• [ACTIVITY]:
Take the data below and write it out exactly, except for the pictures.

• [DATA BLOCK]:
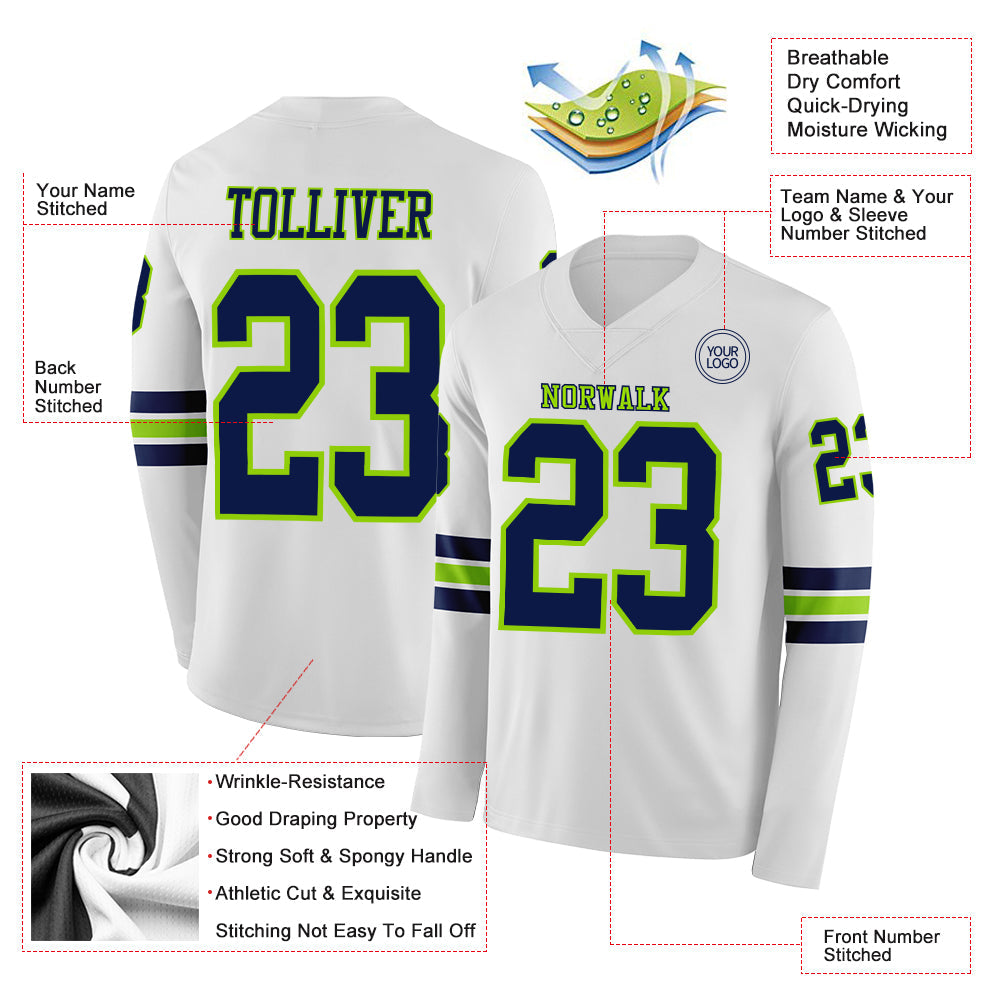 Custom White Navy-Neon Green Long Sleeve Authentic Football Jersey view 2
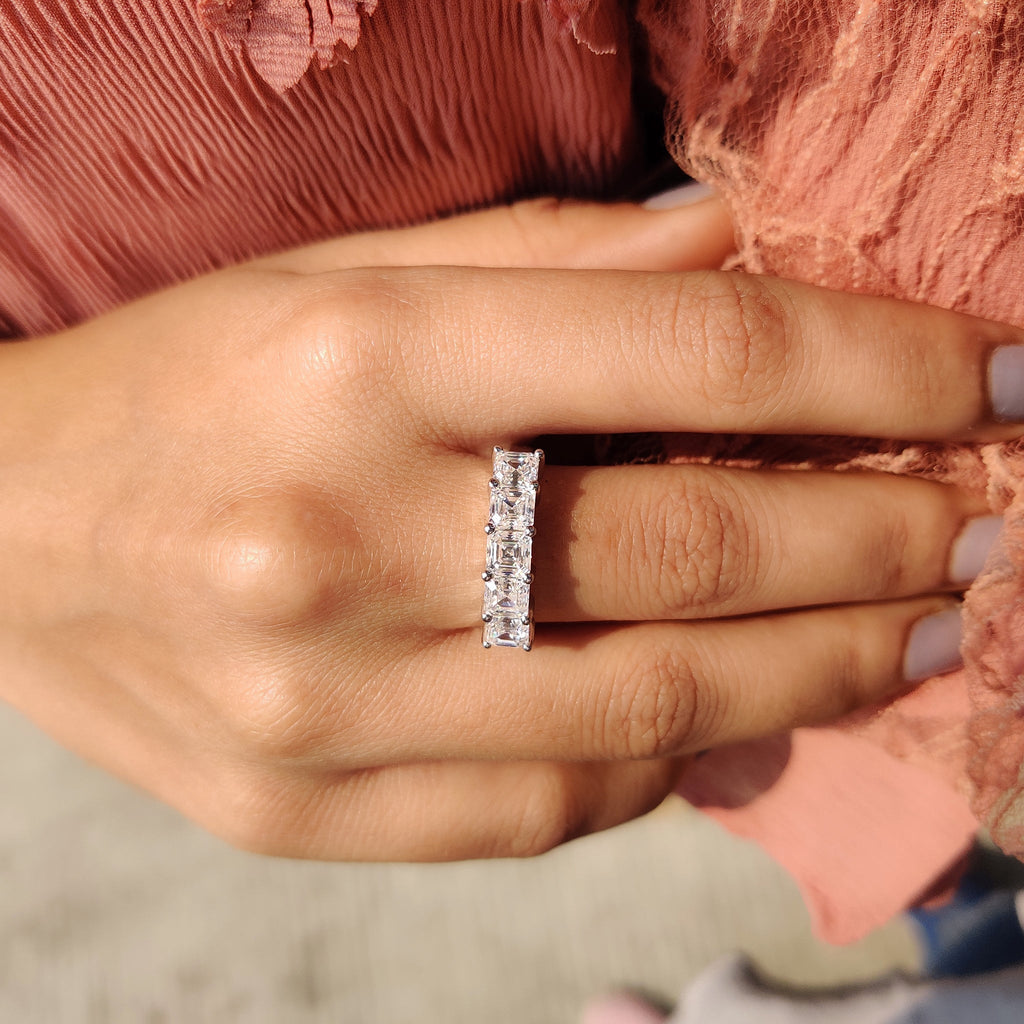 Asscher Cut 5 Stone Wedding Band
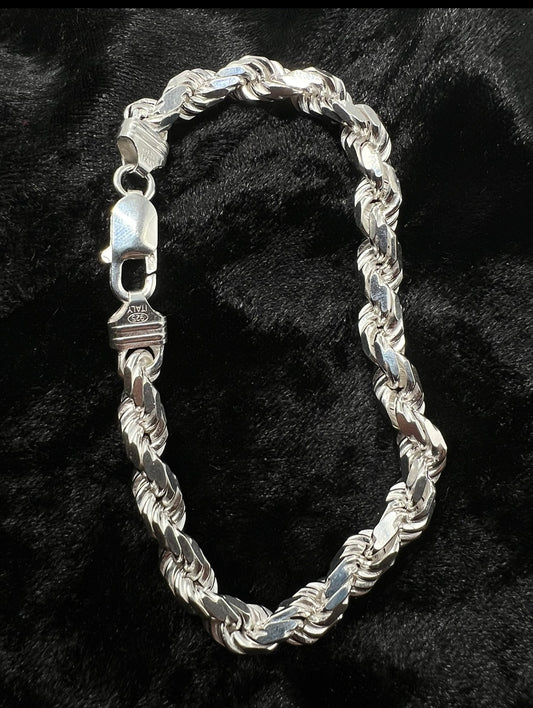 Rope Bracelet .925 Real Silver 7mm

• [EXPECTED ANSWER]:
 Custom White Navy-Neon Green Long Sleeve Authentic Football Jersey view 2
 Asscher Cut 5 Stone Wedding Band
 Rope Bracelet .925 Real Silver 7mm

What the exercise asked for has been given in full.